3

Problem :

I converted a MMX to code to corresponding SSE2 code. And I expected almost 1.5x-2x speedup. But both took exactly same time. Why is it?

Scenario:

I am learning SIMD instruction set and their performance comparison. I took an array operation such that, Z = X^2 + Y^2 where X and Y are large one dimensional array of type "char". The values of X and Y are restricted to be less than 10, so that Z is always <255 (1 Byte). ( Not to worry about any overflow).

I wrote its C++ code first, checked its time. Then wrote corresponding ASSEMBLY code (~3x speedup). Then I wrote its MMX code (~12x v/s C++). Then I converted MMX into SSE2 code and it takes exactly same speed as that of MMX code. Theoretically, in SSE2, I expected a speedup of ~2x compared to MMX.
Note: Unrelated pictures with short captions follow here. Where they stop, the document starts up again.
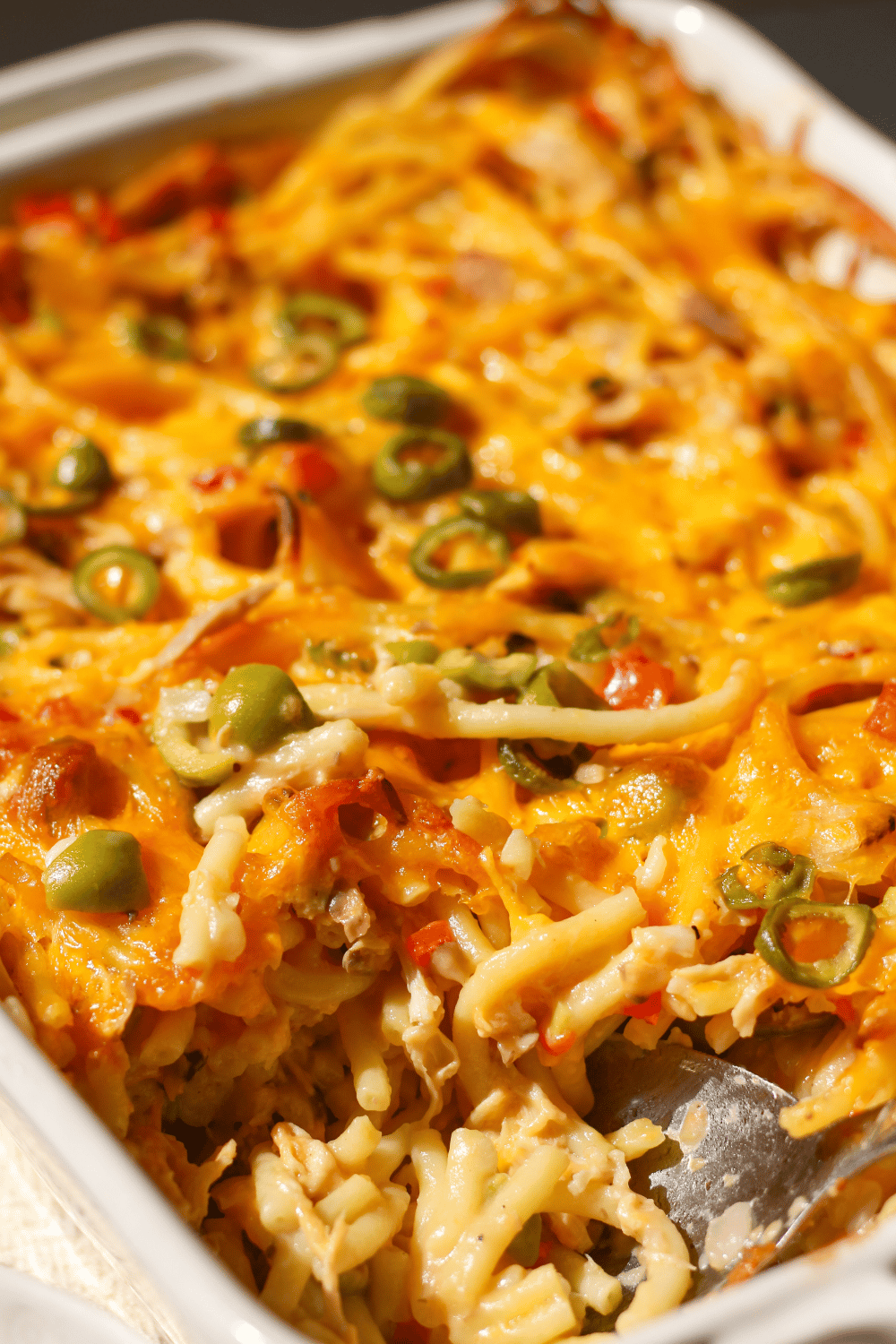 chicken spaghetti casserole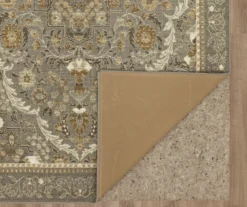 Heatherglen Gray & Beige Ornamental Floral Area Rug, (6' X 9') -Carpet Promotion 810600443 A8 2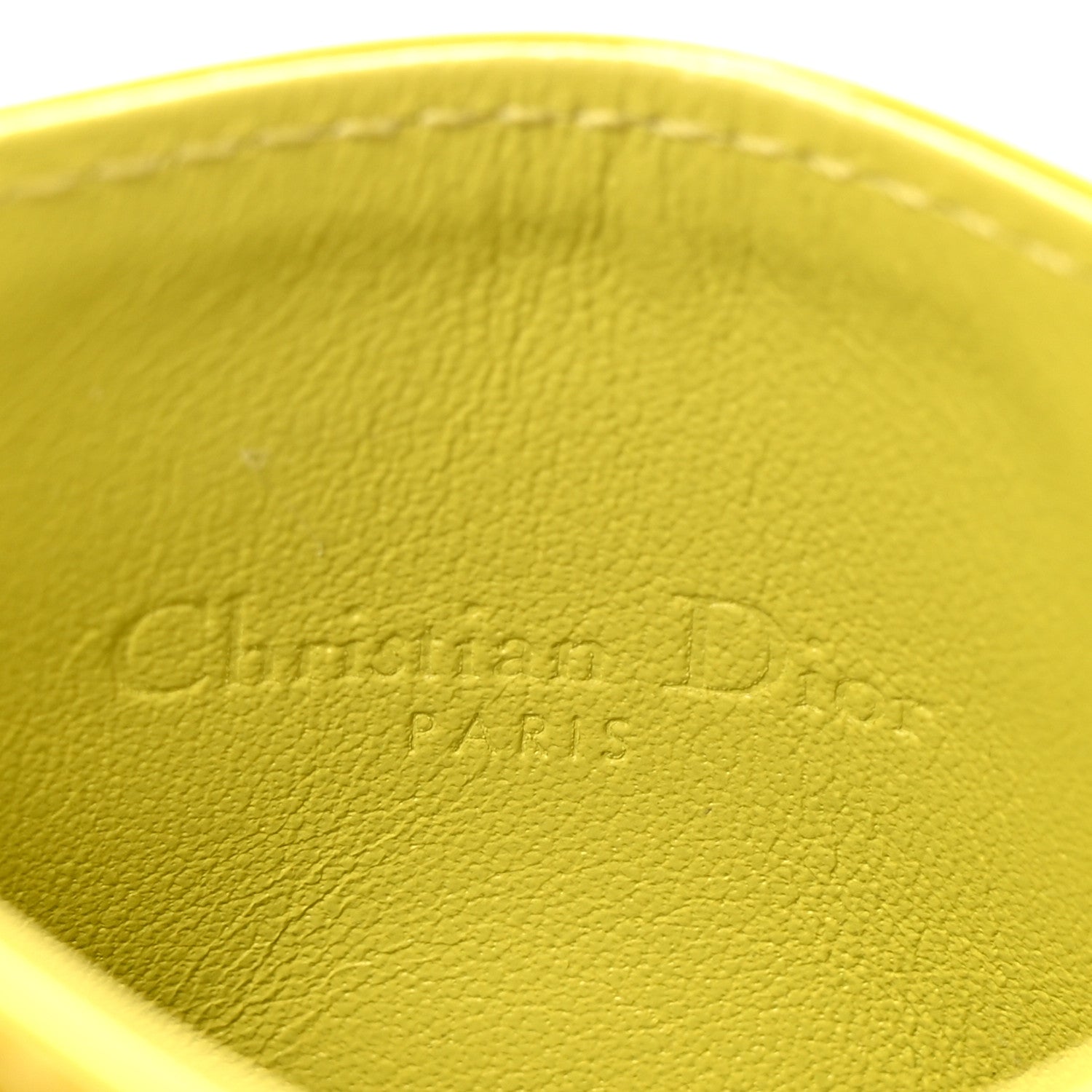 Christian Dior Patent Cannage Lady Dior Five-Slots Card Holder Lime 6 of 7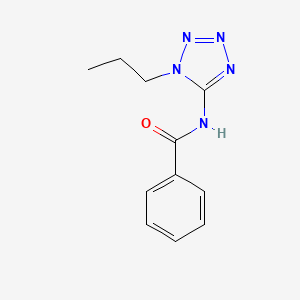 molecular formula C11H13N5O B8384010 N-(1-propyl-1H-tetrazol-5-y1)benzamide 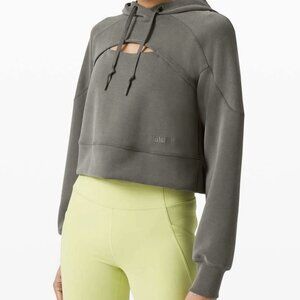 Lululemon Get Centered Softstreme Crop Hoodie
For conversion from MMX to SSE2, I converted all mmx reg to xmm reg. Then changed a couple of movement instructions and so on.

My MMX and SSE codes are pasted here : https://gist.github.com/abidrahmank/5281486 (I don't want to paste them all here)

These functions are later called from main.cpp file where arrays are passed as arguments.

What I have done :

1 - I went through some optimization manuals from Intel and other websites. Main problem with SSE2 codes is the 16 _memory alignment. When I manually checked the addresses, they all are found to be 16 _memory aligned. But I used both MOVDQU and MOVDQA, but both gives the same result and no speedup compared to MMX.

2 - I went to debug mode and checked each register values with instructions executed. And they are being executed exactly same as I thought, ie 16 bytes are taken and resulting 16 bytes are outputted.

Resources :

I am using Intel Core i5 processor with Windows 7 and Visual C++ 2010.

Question :

So final question is, why there is no performance improvement for SSE2 code compared to MMX code ? Am I doing any thing wrong in SSE code ? Or is there any other explanation ?

Mysticial
  • 464,885
  • 45
  • 335
  • 332
Abid Rahman K
  • 51,886
  • 31
  • 146
  • 157
  • There's an `emms` in your SSE code, but that shouldn't be causing this. How long are your arrays? – harold Mar 31 '13 at 19:54
  • @harold: arrays are big, size = 100000000 bytes. I made it big to see the time. Otherwise it happens in 0 time. – Abid Rahman K Mar 31 '13 at 20:08
  • 1
    That's a problem though. That's much bigger than the cache, so the bottle neck is main-memory throughput. – harold Mar 31 '13 at 20:09
  • can you explain a little more? – Abid Rahman K Mar 31 '13 at 20:11
  • 3
    The array doesn't even nearly fit in the cache, so it has to come from main memory. That's very slow. Apparently slower than the calculation you're doing, and that isn't really a surprise. I suggest you change the arrays so that they all at least fit in L3, and then run the benchmark several times over the same array if necessary. – harold Mar 31 '13 at 20:20
  • ok. But I thought since it is same in both MMX and SSE, it should show some difference, right? – Abid Rahman K Mar 31 '13 at 20:23
  • @harold : Yeah, you are right, changing array size results in difference in performance. – Abid Rahman K Apr 01 '13 at 01:46

1 Answers1

4

Harold’s comment was absolutely correct. The arrays that you are processing do not fit into cache on your machine, so your computation is entirely load store bound.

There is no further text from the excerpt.